■ SUPPLIED MATERIAL
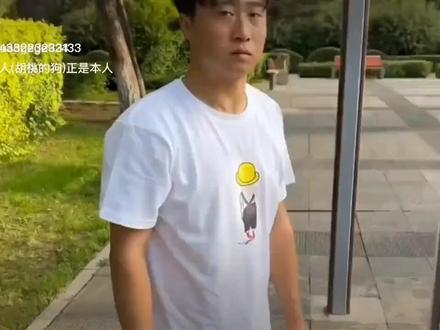 盘点搞笑万恶夹子音! #万恶的夹子音 #每日一笑 #盘点系列
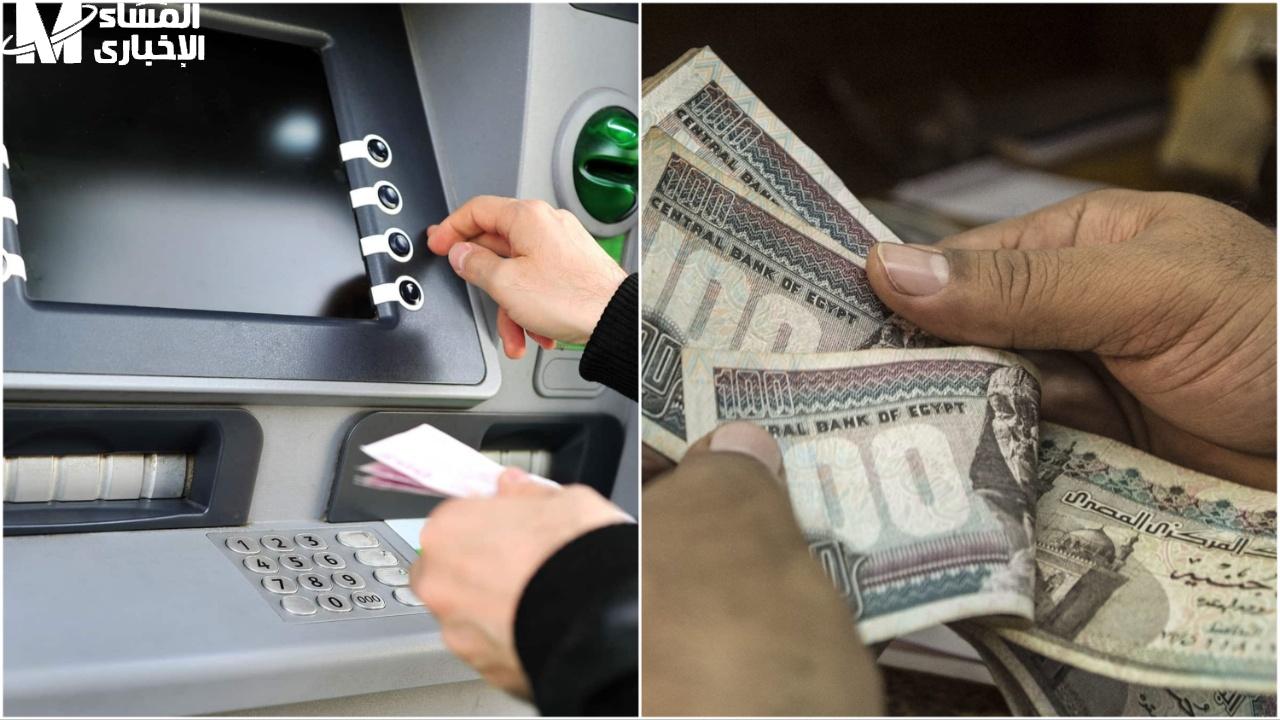 معاشات 2025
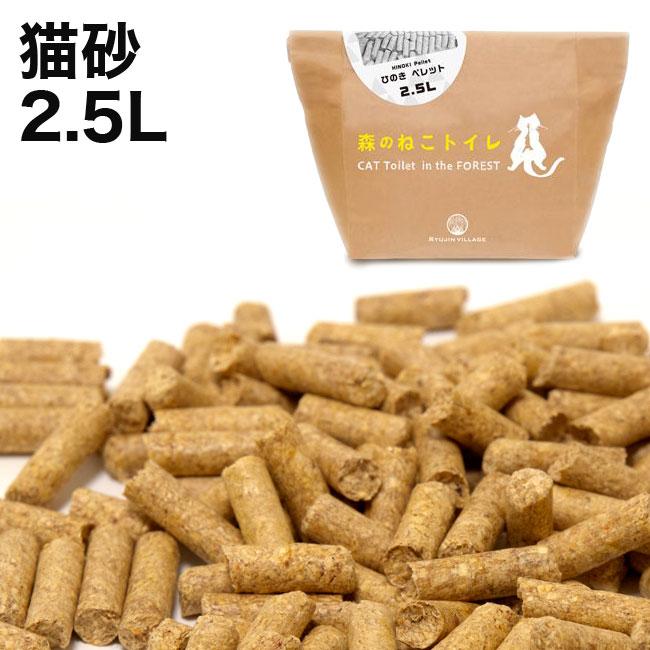 猫砂 森のねこトイレ 2 5l 龍神村 ひのき ヒノキ 檜木 桧木 猫用トイレ 猫砂 猫専門店ゴロにゃん 公式通販サイト 猫の首輪 猫 用品 フード 猫砂 森のねこトイレ 2 5l 龍神村 ひのき ヒノキ 檜木 桧木 猫用トイレ 猫砂 猫専門店ゴロにゃん 公式通販サイト 猫の首輪 猫 用品 フード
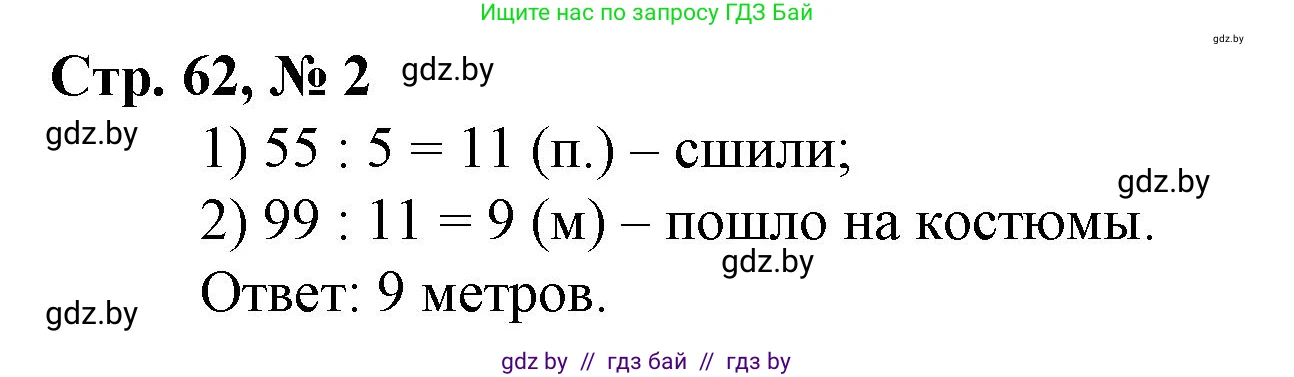 Математика, 3 класс Учебник, авторы: Муравьева Галина Леонидовна, Урбан Мария Анатольевна, издательство Национальный институт образования, Минск, 2021, оранжевого цвета, Часть 2, страница 65, Решение 3 (продолжение 2)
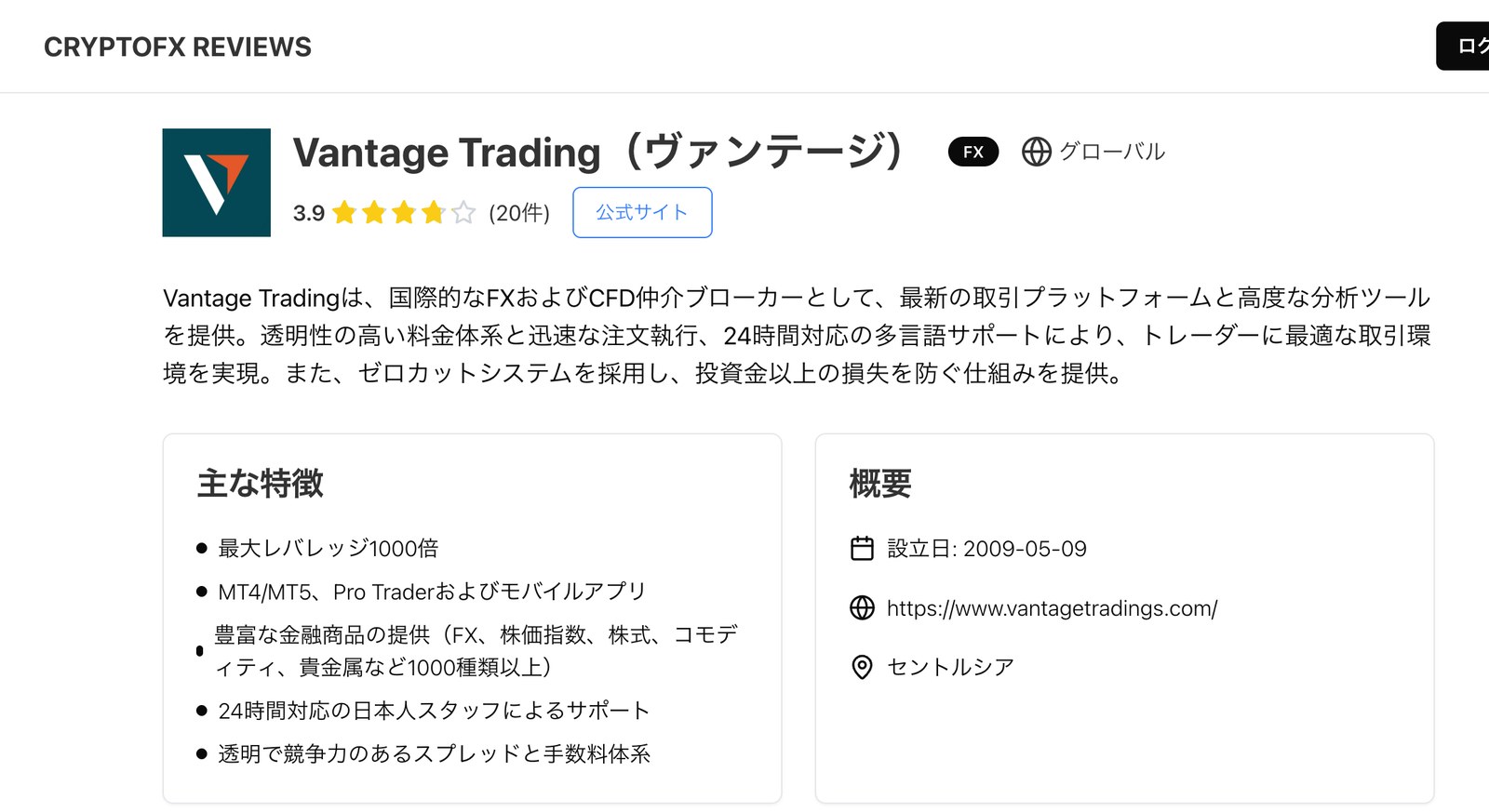 CRYPTOFX REVIEWSのVantage Tradingのページ。評価は3.9で20件のレビューが掲載されている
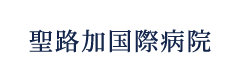 聖路加国際病院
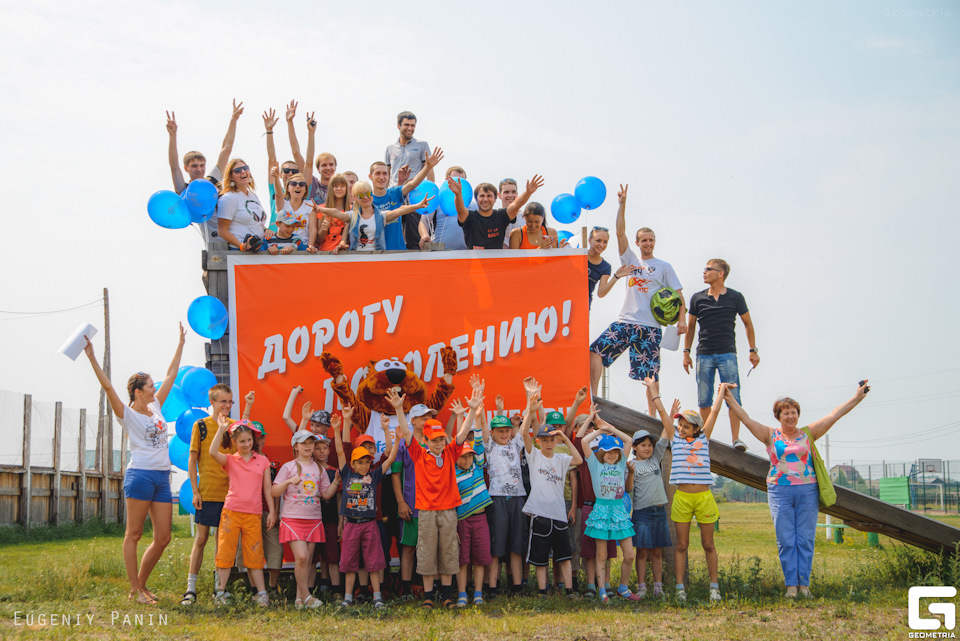 Дорогу Поколению))) Надеюсь, друзья мы ещё повторим подробное) — DRIVE2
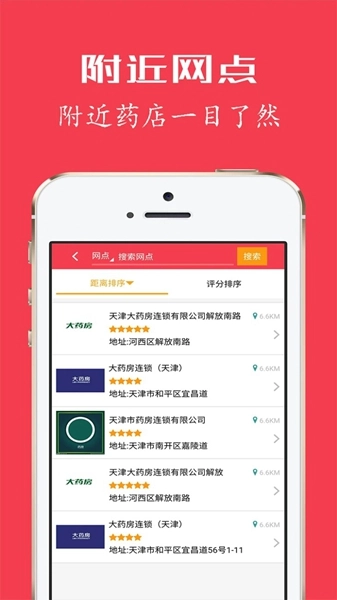 健康优加二次报销图2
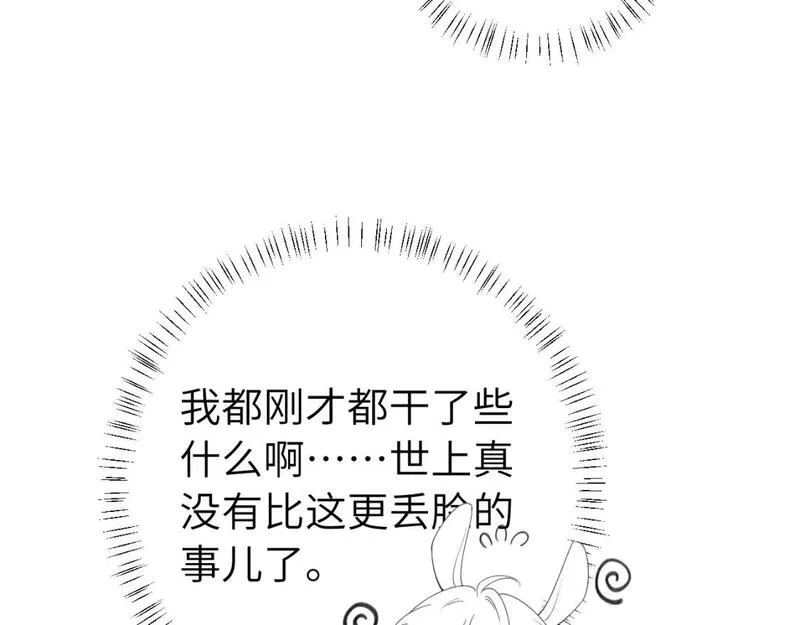 炮灰闺女的生存方式国师漫画,第209话 没脸见人了74图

■ PROMPT
Leave out the pictures and repeat exactly the lines from the one containing "フード 猫砂 森のねこトイレ" through the last line of the entries.

■ ANSWER
 猫砂 森のねこトイレ 2 5l 龍神村 ひのき ヒノキ 檜木 桧木 猫用トイレ 猫砂 猫専門店ゴロにゃん 公式通販サイト 猫の首輪 猫 用品 フード 猫砂 森のねこトイレ 2 5l 龍神村 ひのき ヒノキ 檜木 桧木 猫用トイレ 猫砂 猫専門店ゴロにゃん 公式通販サイト 猫の首輪 猫 用品 フード
 Математика, 3 класс Учебник, авторы: Муравьева Галина Леонидовна, Урбан Мария Анатольевна, издательство Национальный институт образования, Минск, 2021, оранжевого цвета, Часть 2, страница 65, Решение 3 (продолжение 2)
 CRYPTOFX REVIEWSのVantage Tradingのページ。評価は3.9で20件のレビューが掲載されている
 聖路加国際病院
 Дорогу Поколению))) Надеюсь, друзья мы ещё повторим подробное) — DRIVE2
 健康优加二次报销图2
 炮灰闺女的生存方式国师漫画,第209话 没脸见人了74图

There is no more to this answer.